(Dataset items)
******************************

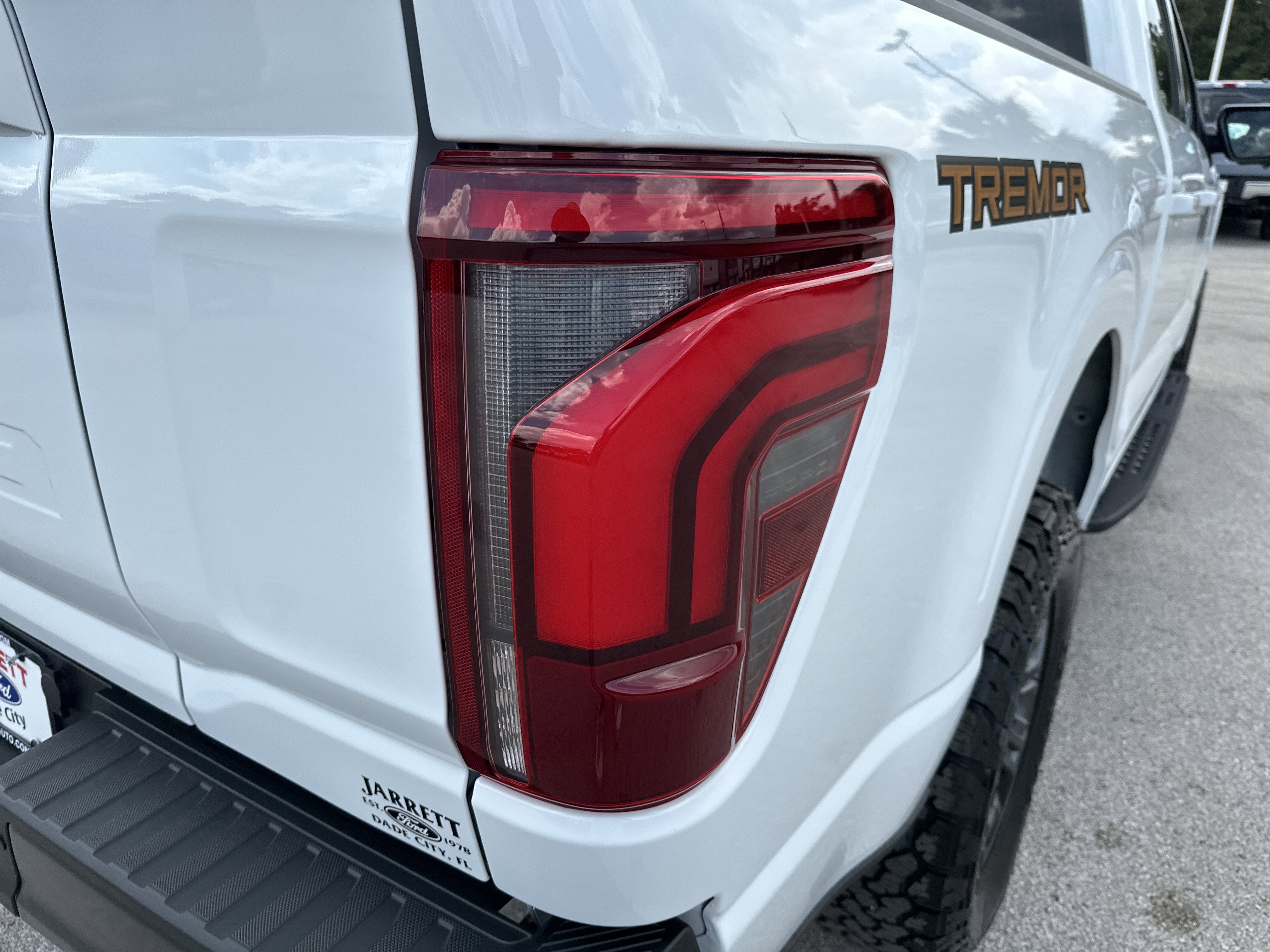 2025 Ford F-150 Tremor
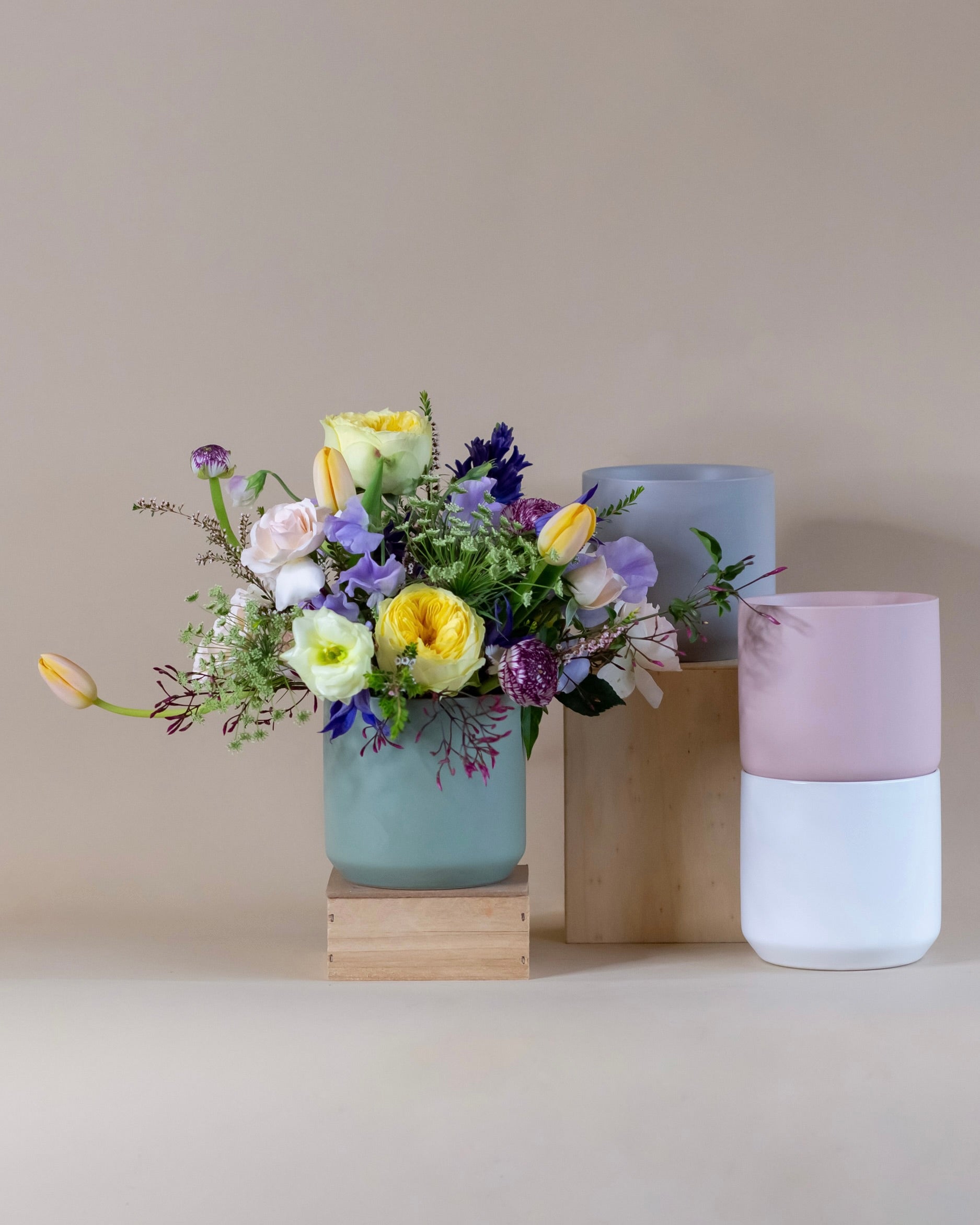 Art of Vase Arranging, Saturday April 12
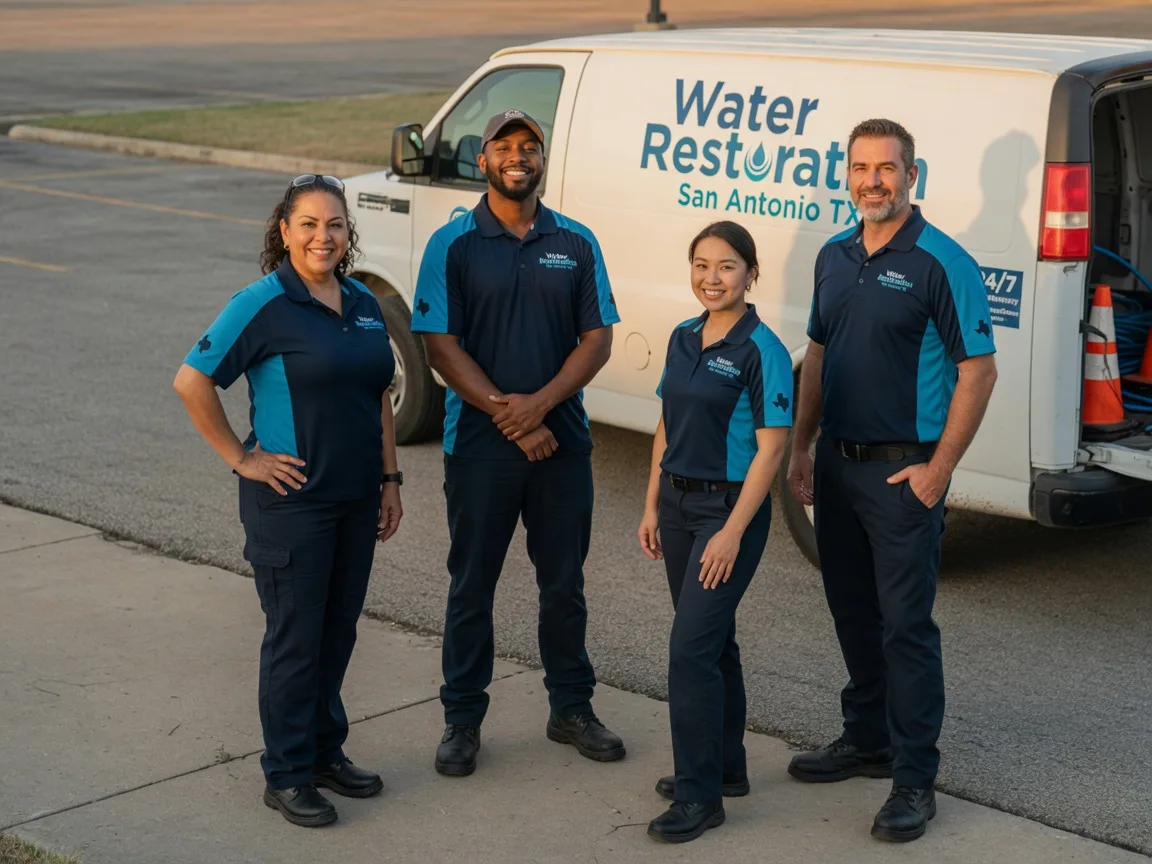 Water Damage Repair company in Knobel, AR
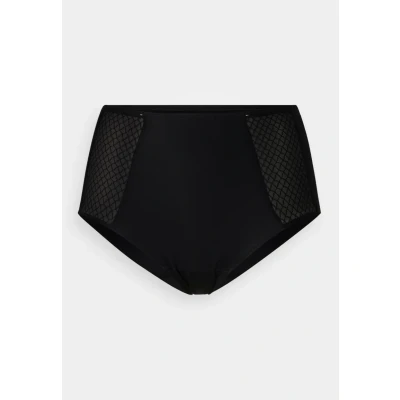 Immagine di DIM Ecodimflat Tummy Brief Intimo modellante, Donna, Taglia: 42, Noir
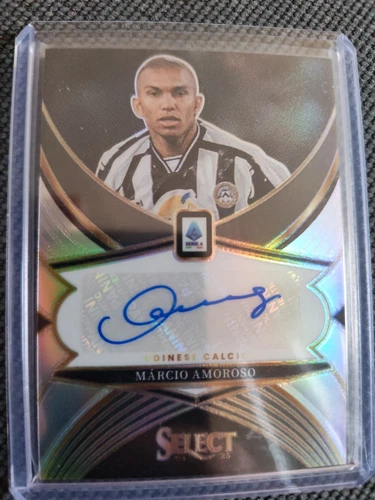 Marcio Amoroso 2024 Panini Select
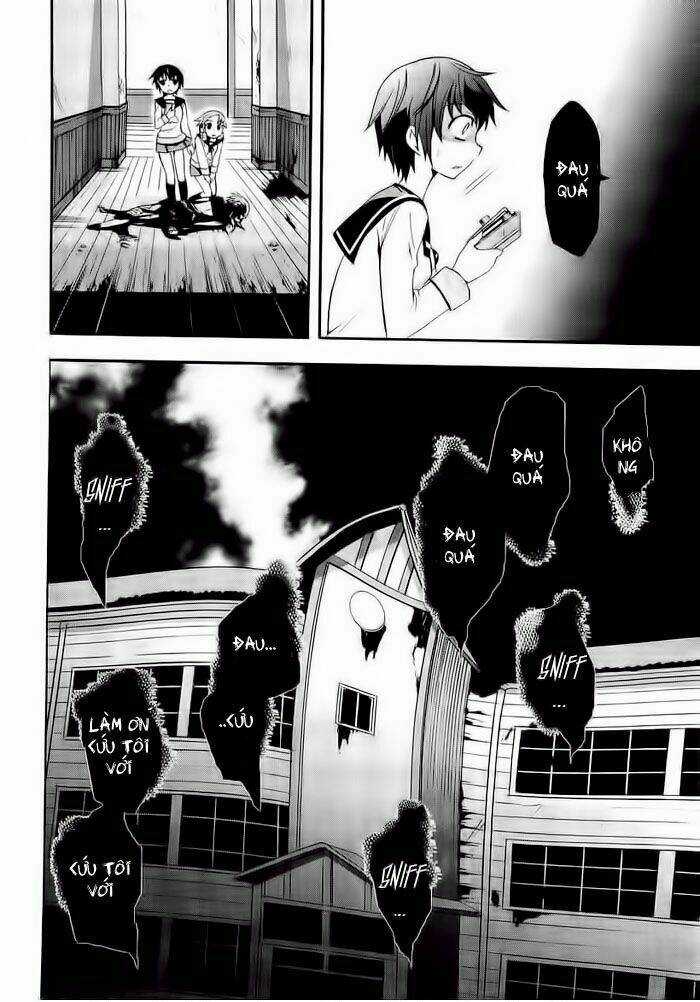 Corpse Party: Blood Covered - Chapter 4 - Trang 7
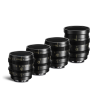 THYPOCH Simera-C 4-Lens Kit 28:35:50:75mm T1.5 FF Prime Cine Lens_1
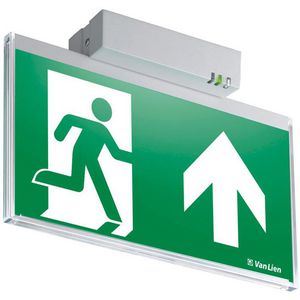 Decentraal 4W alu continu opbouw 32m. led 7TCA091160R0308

******************************

■ Exercise prompt ■
Nothing is needed beyond an exact transcription of the lines from the one containing "Corpse Party: Blood" to the end of the entries above, with the pictures omitted.

■ Exercise output ■
 Corpse Party: Blood Covered - Chapter 4 - Trang 7
 THYPOCH Simera-C 4-Lens Kit 28:35:50:75mm T1.5 FF Prime Cine Lens_1
 Decentraal 4W alu continu opbouw 32m. led 7TCA091160R0308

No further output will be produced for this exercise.